10-10-2005 10:48 AM
10-11-2005 03:21 AM
10-11-2005 07:26 AM
Lul
Thanks for responding, and greetings from the US.
Initially, I tried using the Serial Character Event to do the job because I supected that it would produce an output telling me when a character was available. I could not get it to work and the HELP was too vague to be useful. So, I came up with the idea of using the Bytes At Port property node to tell me when caharacters were in the buffer instead of it intended use, telling the Read VI how mwny characters were in the buffer. It was a "work-around". If, as you say, the Serial Character Event does indicate when a character is available then it is the proper method to use for receiving serial data. It would be exactly the method I would and have used in other programming languages for the last 20+ years. Can you show me a working example of the Serial Character Event method?
Wilber
10-11-2005 08:56 AM
10-11-2005 09:46 AM
Lul
More experienced at Assembly language than C, but you are right about having to get used to thinking LabVIEW. They are very different. It is nice to know that I'm advanced enough in LabVIEW to have come up with the solution of using Bytes at Port as a "status" without any outside help. It must mean that I am thinking more LabVIEW. I really like it, too!. Not only do I have a seat at work, but being a student currently, I purchased the Student edition for myself.
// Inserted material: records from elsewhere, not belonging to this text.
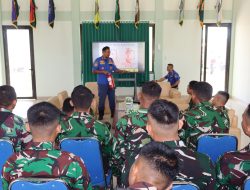 Prajurit Yonif TP 833/BD Asah Kesiapsiagaan Hadapi Bencana Kebakaran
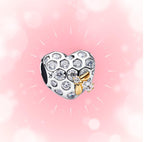 Mother Heart Charms for Bracelets Love Mom Flowers Charm Jewellery for Women - style: Heart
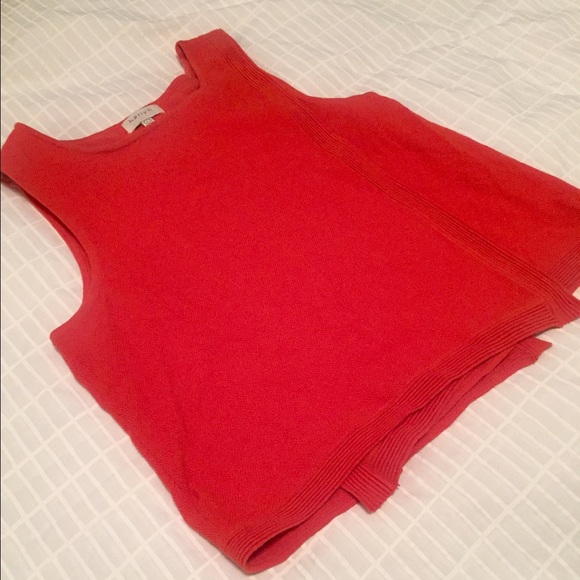 Orange Anthropologie tank top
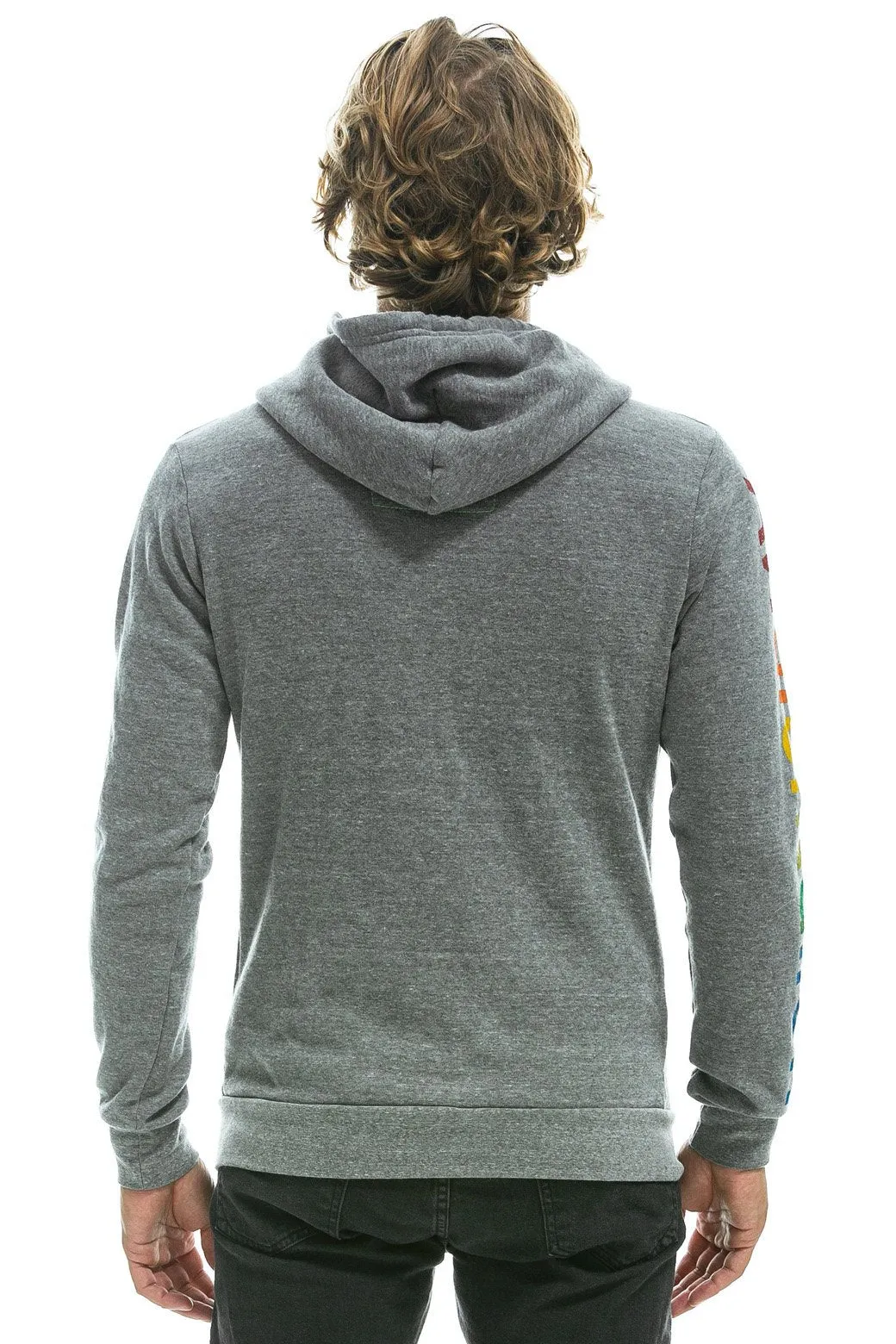 AVIATOR NATION AUSTIN HOODIE - HEATHER GREY sold by Aviator Nation product image thumbnail 5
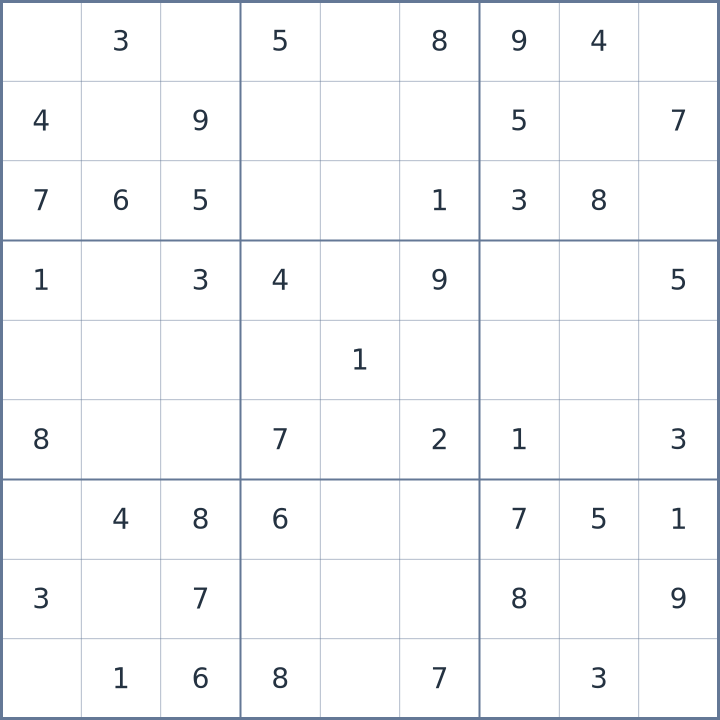 Sudoku #22026071409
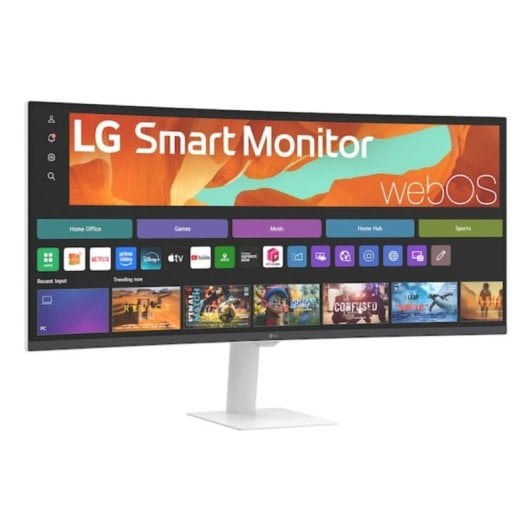 Monitor LG 34U601SA-W 34" UltraWide QHD 100Hz VA Curvo HDR10 Smart WiFi Bluetooth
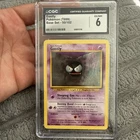 Pokemon Base Set Gastly 50/102 - PSA Graded Ex-Nm PSA 6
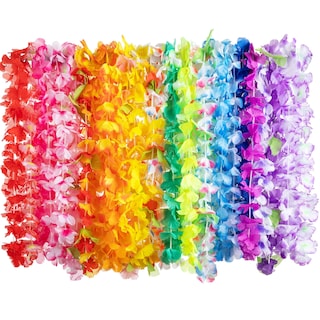 Foto 1 | Leis Joyin Hawaiian Leis, 120 Unidades, Coloridas Flores Tropicales - Venta Internacional.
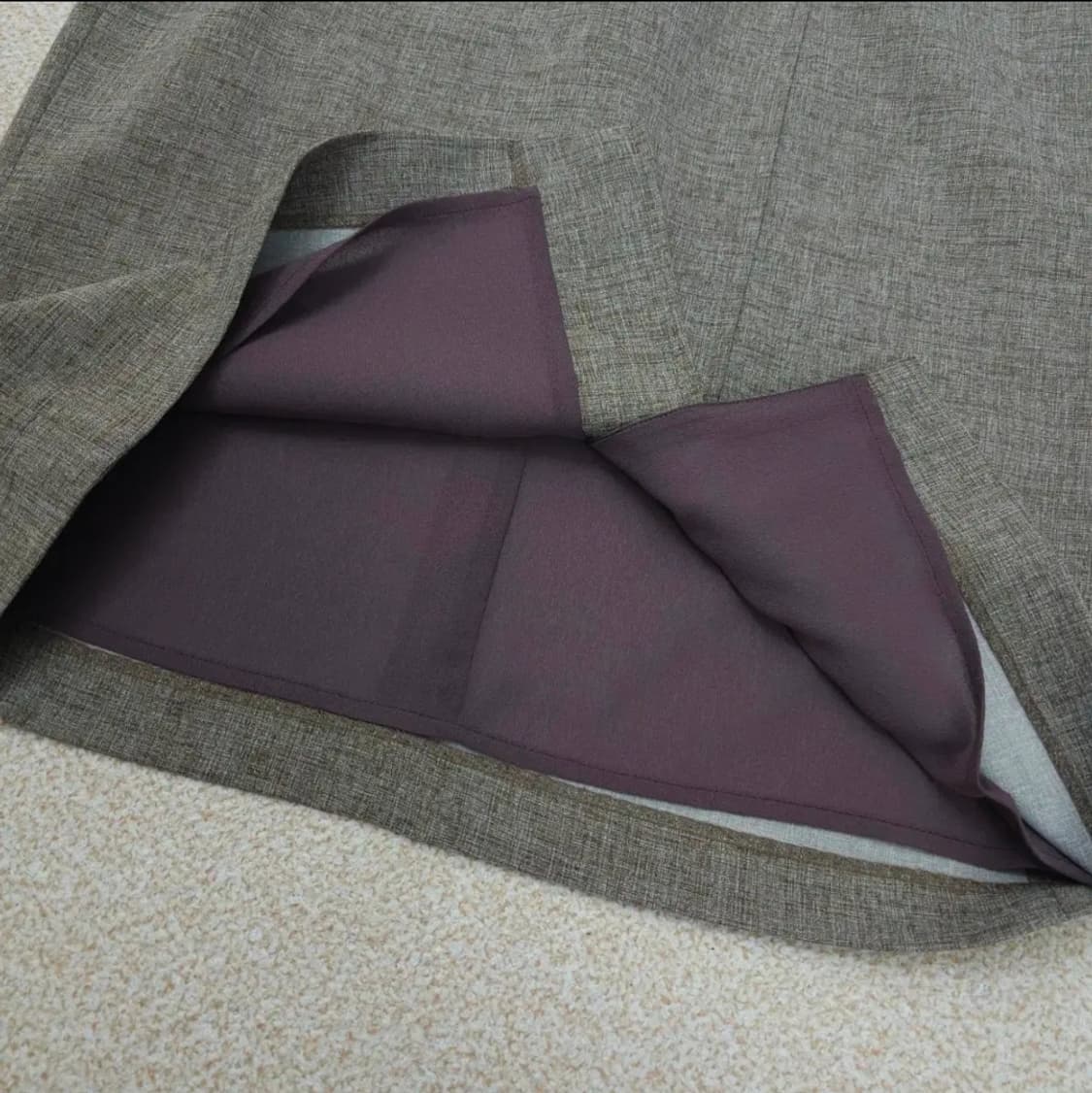 (55/새상품)LINE 여성 반팔 원피스 정장 하객룩 상품이미지8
I'm using IMAQ for USB and a CCD Web Cam. I plan to use it with my school work. After all these years I'm going for my EE degree.
Thanks for you insight!
Wilber
11-11-2005 03:28 PM
@Lul
i dont agree with you. Using Byte at port means that you are polling the serial interface every N ms. Take a look at:
http://forums.ni.com/ni/board/message?board.id=170&message.id=91386&query.id=118883#M91386
seems that Madri (student) made what wilber was looking for, that's to say an interrupted version at high level. We know that at low level, recent micro manage the serial interface with interrupts, so the assembly code is written in the fashion described by wilber. I made a program that emulate a Modbus slave, so i have to choose a COM port and wait there for bytes to arrive. Do you think that using "byte at port" is performing better than having an interrupt (=wait on notification, VISA wait on char, using queues structures, ecc...) ?? IMHO i dont think so!